My days would go something like this:
Wake up at 5:00 am. Prepare the house for the kids and husband to awake for work and school. 6:00 am the alarm sounds…
“Good morning momma” is the next sound that I hear followed by little feet making their way into the kitchen to see what breakfast was prepared for them. Soon after, Ken would make his way into the kitchen for the start of his day. The rest of the morning was kind of a blur.
The next thing I knew, I would be driving across the Don Holt Bridge to work.
My commitment to others and my daily routine ruled my life.
Before I knew it, I was back at home, taking care of my responsibilities, in the bed, falling asleep, to wake up the next day to do it all over again.
Like many of you reading this blog, at some point, I realized that I really liked my life. I had a job that I liked. I worked with people I loved. My family is amazing, and I liked working in ministry at my church. However, I was feeling a bit “out of control” or at least in the dark about how to successfully manage all the nuances of life.
There is much debate about whether we can achieve balance in life. You have heard and maybe contemplated how to achieve work-life balance. That seemingly elusive state of bliss where you are Superwoman (man) — where you can leap tall buildings, skirt danger, and keep the people around you safe 😊. Not really, but you know what I mean.
That state of doing well in all things that are important to you.
I began the journey of trying to achieve balance in my own life.
The first thing I did was define what I meant when I said, “I want to balance.”
I dropped the whole work-life balance because I see my life as my life. I didn’t want to pit my responsibilities against each other. If I was engaged in it, I liked doing so which meant that it was of equal importance to me. In the end, what I really wanted was a life of peace and a sense of fulfillment. That is what a balanced life means to me. It is not about multi-tasking to get many things done. That’s a tactic that I use for sure, but it is not the goal.

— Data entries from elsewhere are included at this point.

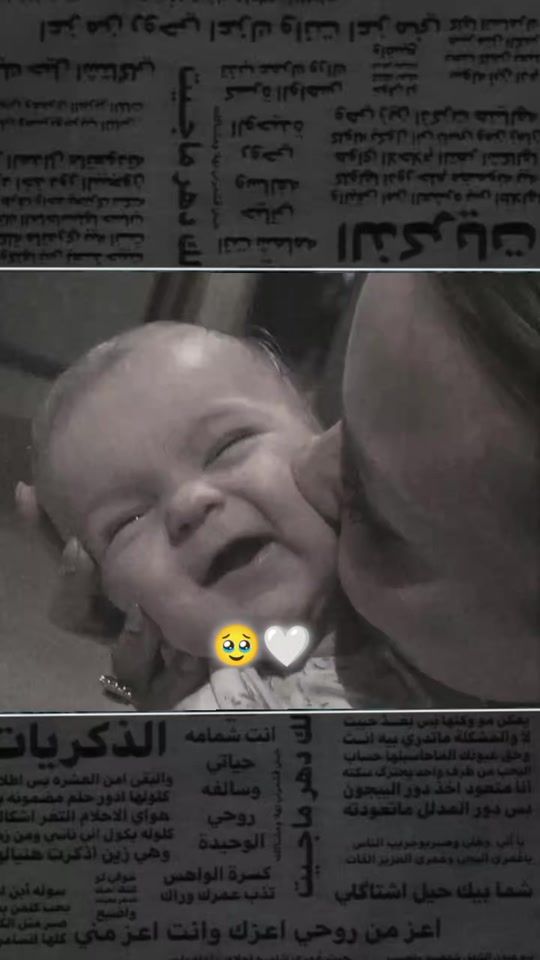TikTok video thumbnail by .remi55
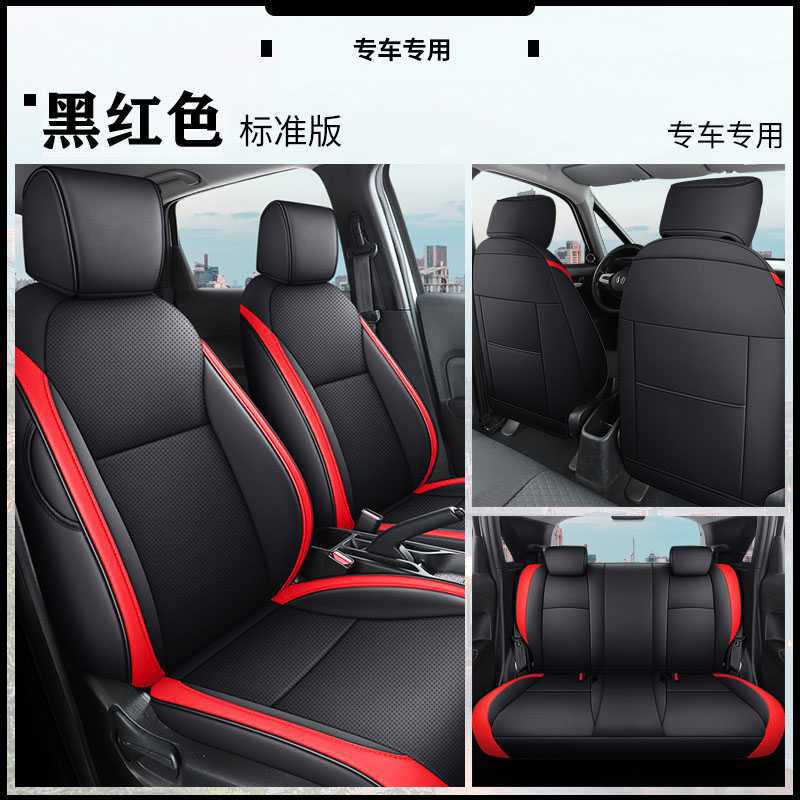 Nissan – Modelə uyğun (Original) oturacaq örtükləri for Nissan Sylphy - red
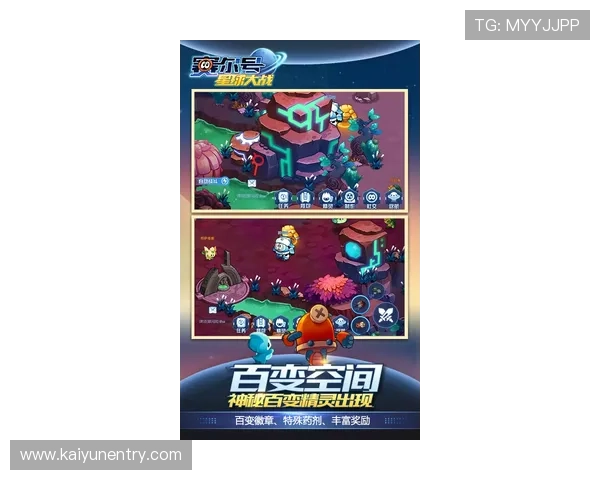 开运手机娱乐怎么样:丰富游戏资源与最新热门游戏推荐 开运手机娱乐怎么样:丰富游戏资源与最新热门游戏推荐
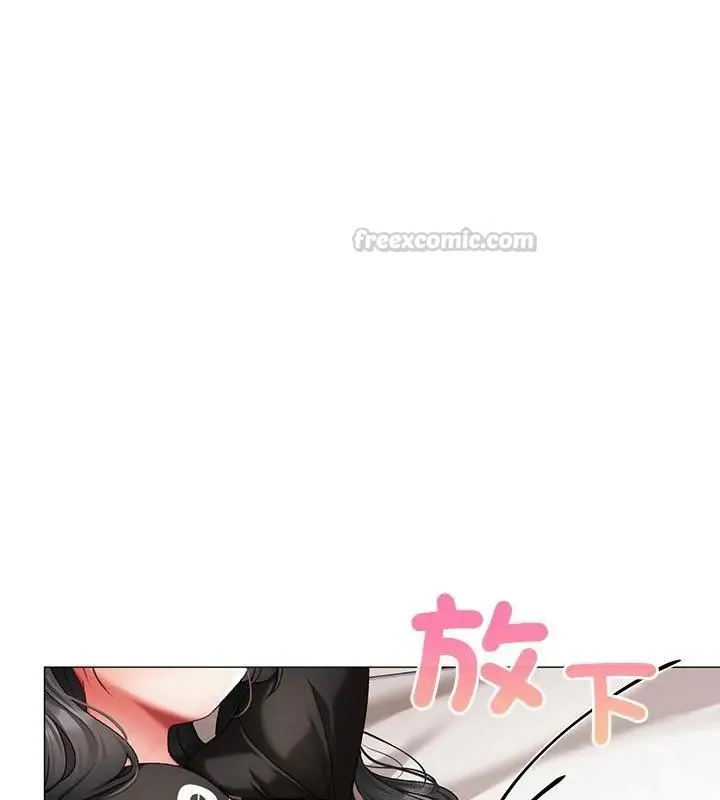 那個小太妹第11話
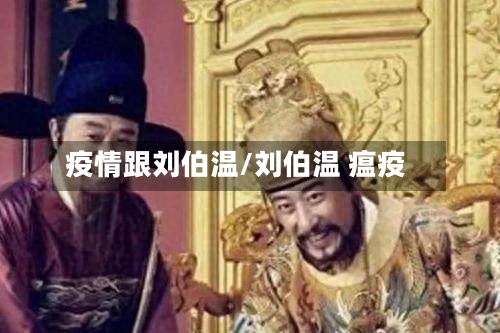 疫情跟刘伯温/刘伯温 瘟疫-第1张图片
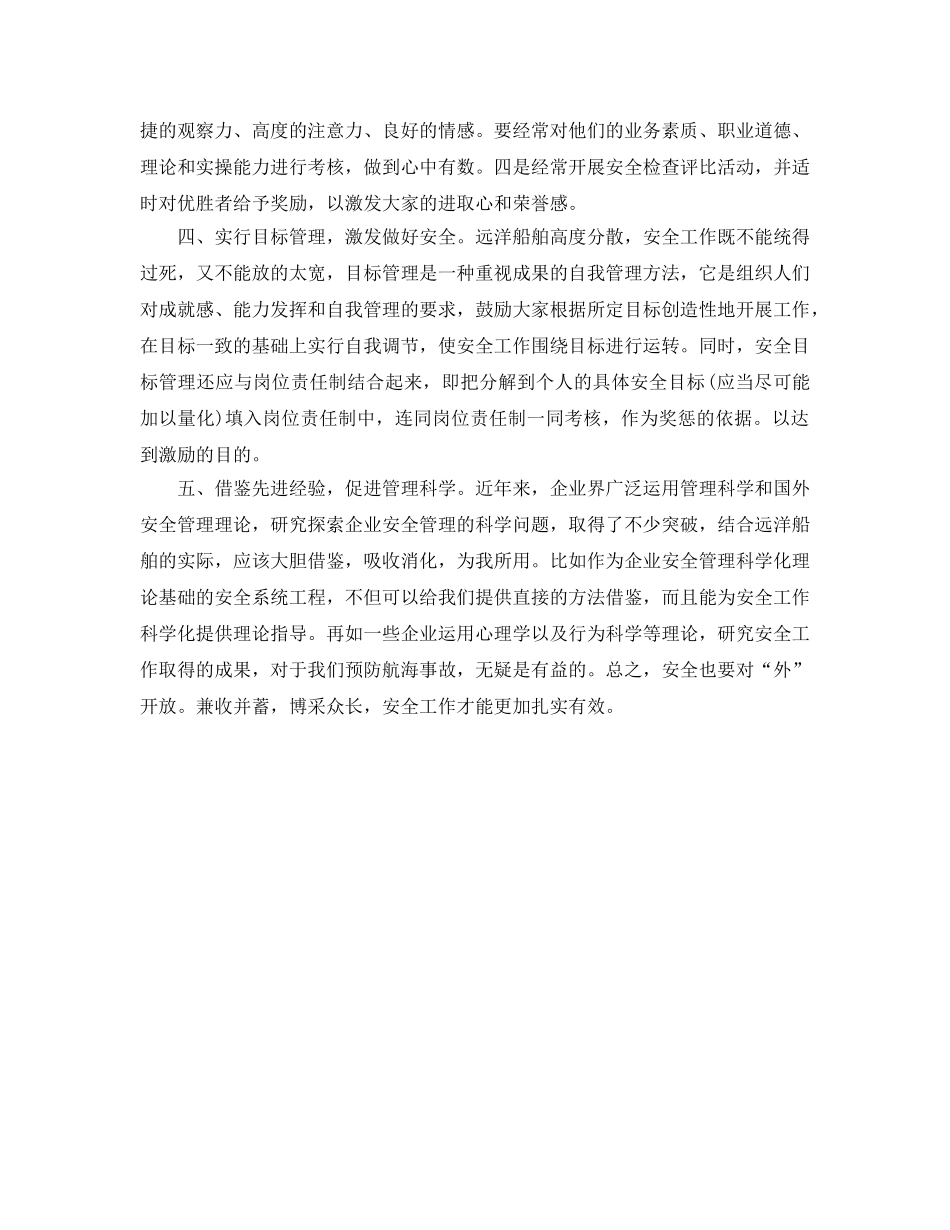 《安全管理》之谈谈远洋船舶安全工作的科学化 _第3页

Today I call my process, developing a personal Eco-system. Just as the environment around us functions properly and is deemed “healthy” because of an Eco-system, I believe that getting to optimal state in our lives requires we operate within an Eco-system as well. I have an entire module on developing your Eco-system that I do with clients over a few days. Let me give you the cliff notes version.
Your Eco-system comprises of four parts:
- Personal Mission Statement
Your personal mission statement serves as your North Star. It is your guiding light where you will always know what it is you are supposed to be “doing” in life. When someone reads your personal mission statement, they should know what you are all about. It should answer the question, “What do I want to do with my life?”
- Core Values
Like companies, we too should be able to state what is important to us. Your core values help you define how you are going to show up in the world. Your core values guide the way you make decisions. They also serve as a source of what motivates you.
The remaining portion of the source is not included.